The picture with this article is of my friend Brad, a Marine with the 8th Marines Regiment. I've been very concerned about him and haven't heard from him since he called in August. It's a relief to know he is doing okay.
What I love about this picture is that I can tell from the look on his face that he is loving life. THIS is the shit he has been dying to do for years; he has missed one deployment after another and has been waiting for his chance to use his skills. He looks like he is in his element and for that reason alone, the picture makes me happy.

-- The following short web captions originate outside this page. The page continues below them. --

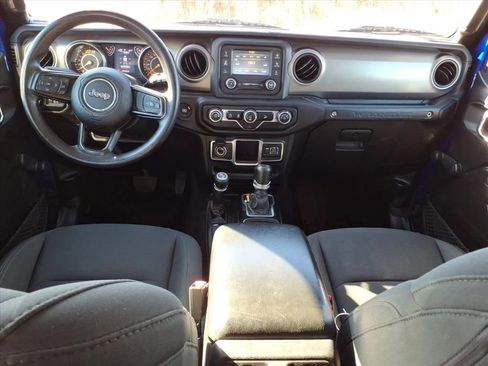 Used 2018 Jeep Wrangler Unlimited Sport image 13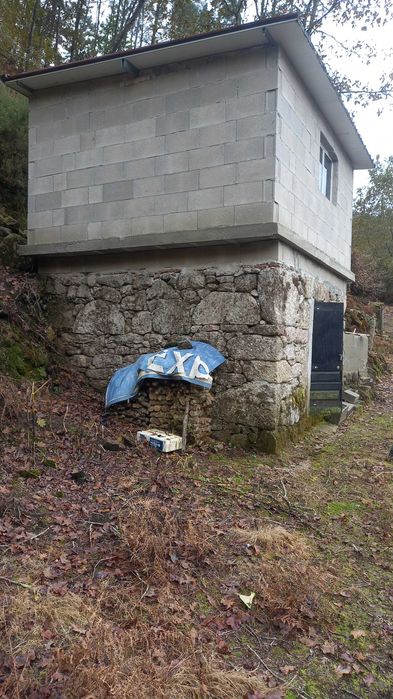 terreno com anexo muito útil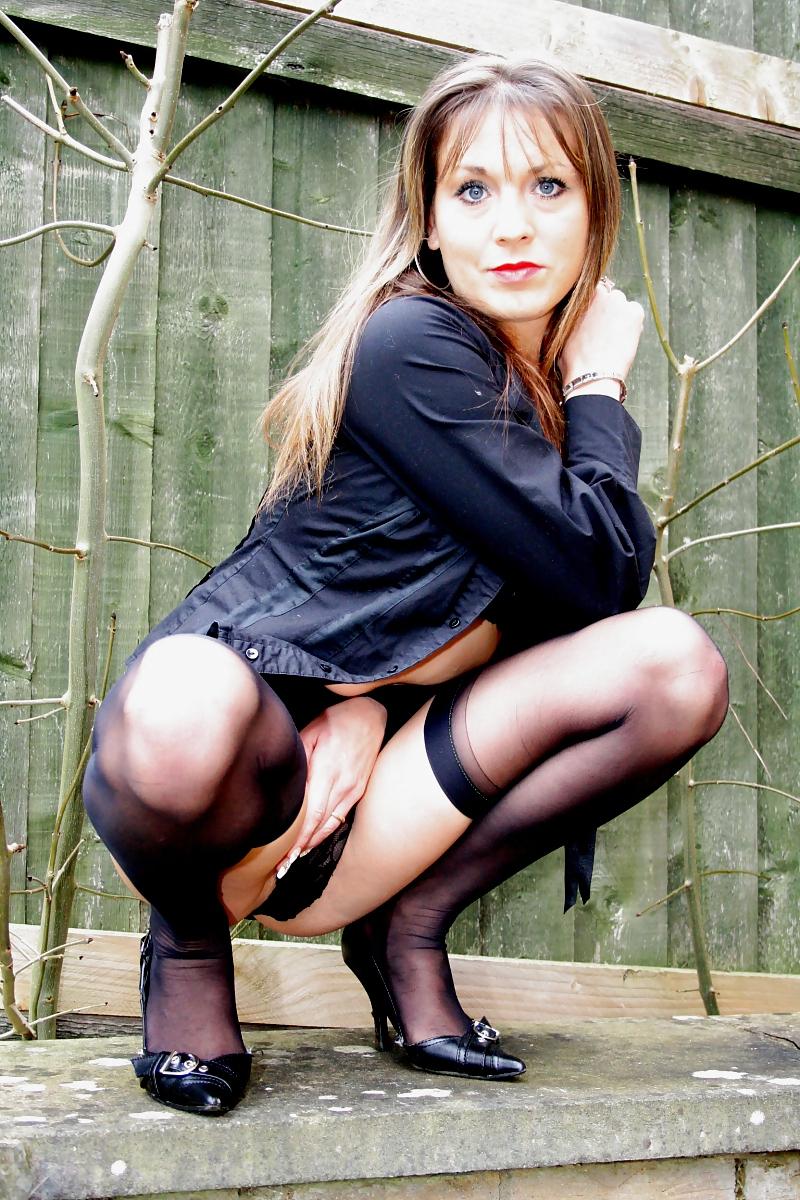 20P British Hooker Lisa Working in the Garden
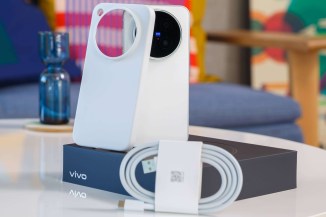 Unboxing the vivo X500 Pro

Brad is one of my closest friends. We've been through a lot together, including the break up of both our marriages and the death of his son. We've held each other up through some of the worst times imaginable and what always amazes me about Brad is that he never fails to make me laugh. There is always a laugh in him somewhere, no matter how sick or at whose expense, it is still good-natured humor and even on his worst day, Brad would rather laugh than cry. The only time I've ever seen him without words or a smile was after his son's death.
He is a unique individual full of life and positive energy. Like me, he overthinks everything to DEATH, but I love that about him. Sometimes it's amusing to watch him spin his wheels only because you can see how much he wishes he could stop; somedays no matter what I say to help pull him out of his own quicksand, nothing actually helps him. He is the kind of person that has to learn life's lessons by running his head into a brick wall; he heeds no one's warnings.
When I saw this picture on Yahoo of Brad, I felt nauseous. Immediately, I became terrified that the picture was precluding a story about his death or injury and I was too afraid to read further. All I could think was how my world would go dim without him.
Here is a blog I wrote about him back in April, right before he left:
"The Marines I have seen around the world have the cleanest bodies, the filthiest minds, the highest morale, and the lowest morals of any group of animals I have ever seen. Thank God for the United States Marine Corps!"
Eleanor Roosevelt, First Lady of the United States, 1945


He and I have loved each other and dragged this relationship through shit, through a LOT of shit in fact. Now, as he readies himself to deploy to Afghanistan, I have stood strong against what I know is an onslaught of emotion for him. He talks shit one minute, the next he's crying. His moods are all over the place, and I understand. I know he is teetering. Everything in his life has been teetering, watching his marriage fall apart, his career misfire, personal tragedy and pain. I've watched so much of it unravel. Now it all comes to rest on his shoulders as he tries to find a way to tie it in a knot before he goes away.

Make no mistake about it, as he leaves, he will tear one giant hole right through me on his way out. He's a Marine. He doesn't do anything in a small way. He needs so much from me that I almost don't know if I can do it. But I do it. I do it because I love him, because I know this is not a normal time in his life, because I can't possibly heap one more thing on him. And I let him tear through me, I let his emotions become my own, I let him run me down with his confusion, I let him hurt me by bringing him into me one last time, the intimacy almost too close to bear.

I make an allowance for his bad behavior because he is a Marine about to deploy, because I know he's not himself. Yet he has never been more himself for he IS a Marine through and through and this is who he is, in his natural habitat. Everything I love about him is also everything I hate.